Monday, January 17, 2011

Taher A PoliticalL Victim

A BNP policymaker, Moudud Ahmed, pointed at his current party's founder for one of the most controversial trials in Bangladesh's history.

Moudud wrote in his memoirs that former president and military strongman, Ziaur Rahman was behind Col Taher's trial to strengthen his position among army officers.

BNP leader Moudud Ahmed was a member of deposed military dictator Ershad's Jatiya Party when his book 'Democracy and the Challenge of Development' was published in 1995.

'The Trial of Taher' — a revealing chapter in this book, gives account of the trial and Zia's role into the trial.

In the chapter, Moudud said Zia hung Taher with the support of repatriated army officers.

Taher's brother, Anwar Hossain, a professor of Dhaka University, believes interrogating Moudud might elicit many an answer to the Taher's court martial which sentenced the this sector commander of the Independence War to death.

Moudud himself has had a chequered political past.

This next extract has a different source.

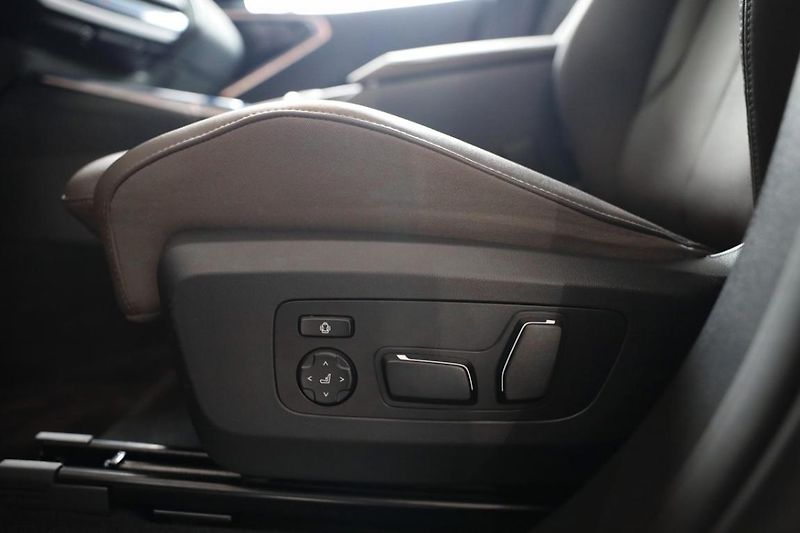 BMW X3 xDrive 40d - fotka 15 z 22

His political career extends to even before the Independence War of 1971. He was involved in organising Sheikh Mujibur Rahman's defence in the Agartala Conspiracy Case of the late 1960's where Mujib was charged with sedition.

After the war, Moudud was made the first Post Master General of the country in 1972.

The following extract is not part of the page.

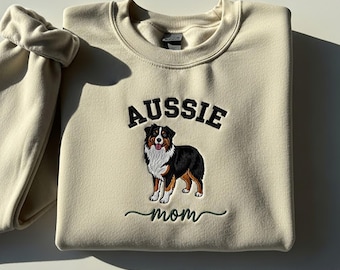 オーストラリアンシェパードのオージーママのカスタム刺繍スウェットシャツ、パーソナライズされた犬好きへのギフト、ユニセックスペットオーナーシャツ、レディースセーター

He joined BNP when it was founded and became a minister and deputy-prime minister in military strongman Ziaur Rahman's cabinet.

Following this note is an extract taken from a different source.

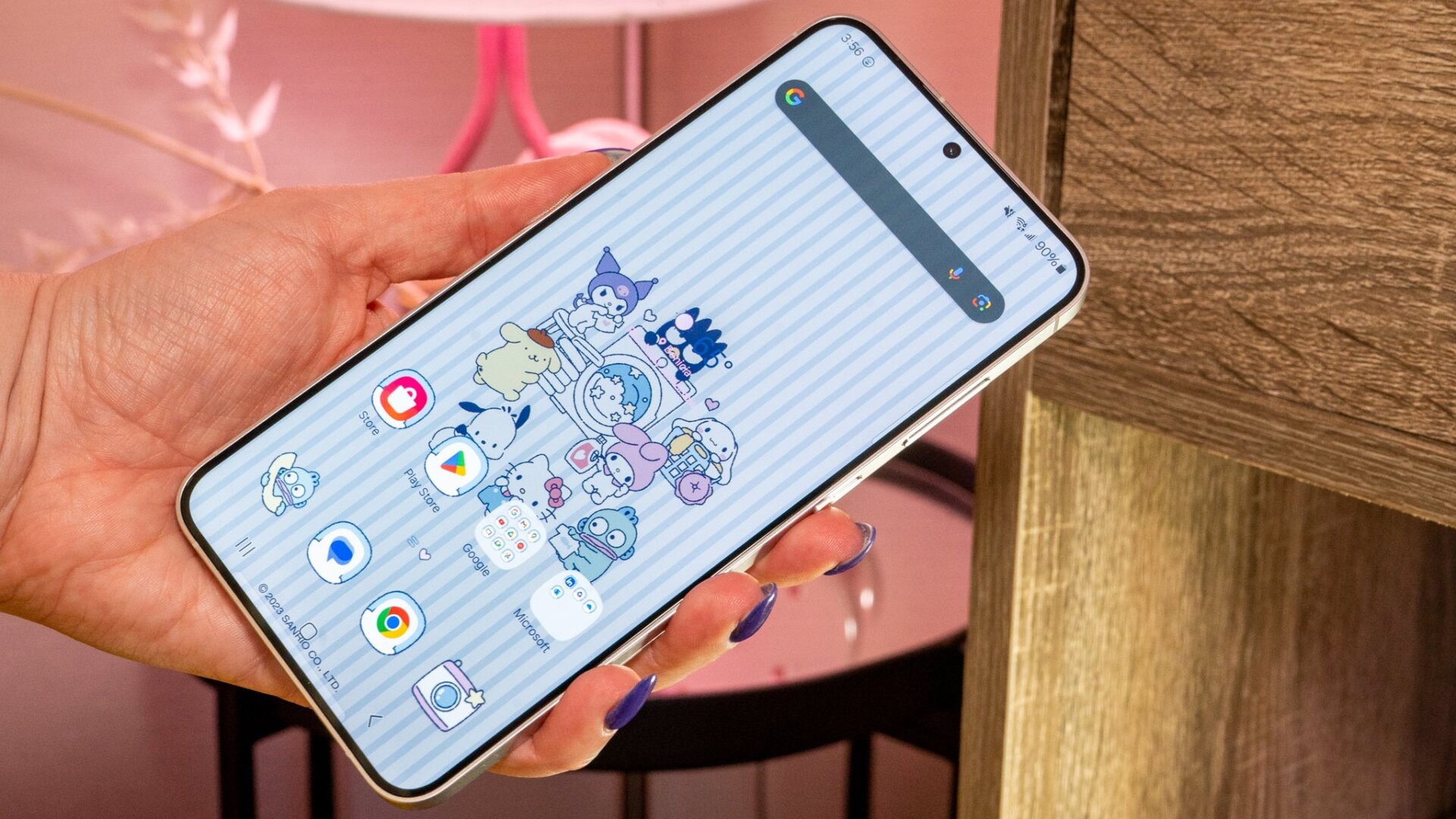 Tenant le Galaxy S24+.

During the nine-year tenure of the deposed military dictator Hussein Muhammad Ershad, he served as minister, deputy-prime minister, prime minister and vice-president.

He ran in the seventh parliamentary elections in 1996 from Jatiya Party, but lost, after which he joined the BNP again and ran in the by-elections from a Lakkhipur constituency, which BNP chief Khaleda Zia had carried and later gave up to accommodate the former BNP man's return.

However, Moudud lost the by-elections too. In the eighth parliamentary elections of 2001, he won and served the BNP-led government as law minister.


Seventeen civilians and former military personnel, including Taher, were punished in 1976 and 1977 during Zia's rule in the sedition case.

Taher and M A Jalil were sentenced to death while the others were sentenced to different terms in prison.

Taher was executed on July 21, 1976 and Jalil got life sentence instead of death sentence concerning his role in the Independence War.

Taher's wife Lutfa Taher, his brother Anwar Hossain, incumbent president of Dhaka University Teachers' Association, Fatema Yusuf, wife of Ft Sgt Yusuf Ali Khan, who was sentenced to life imprisonment in the same trial, jointly filed a petition challenging the legality of the court martial on August 23, 2010.

On the same day, the High Court asked the government to produce records of the court martial within three weeks.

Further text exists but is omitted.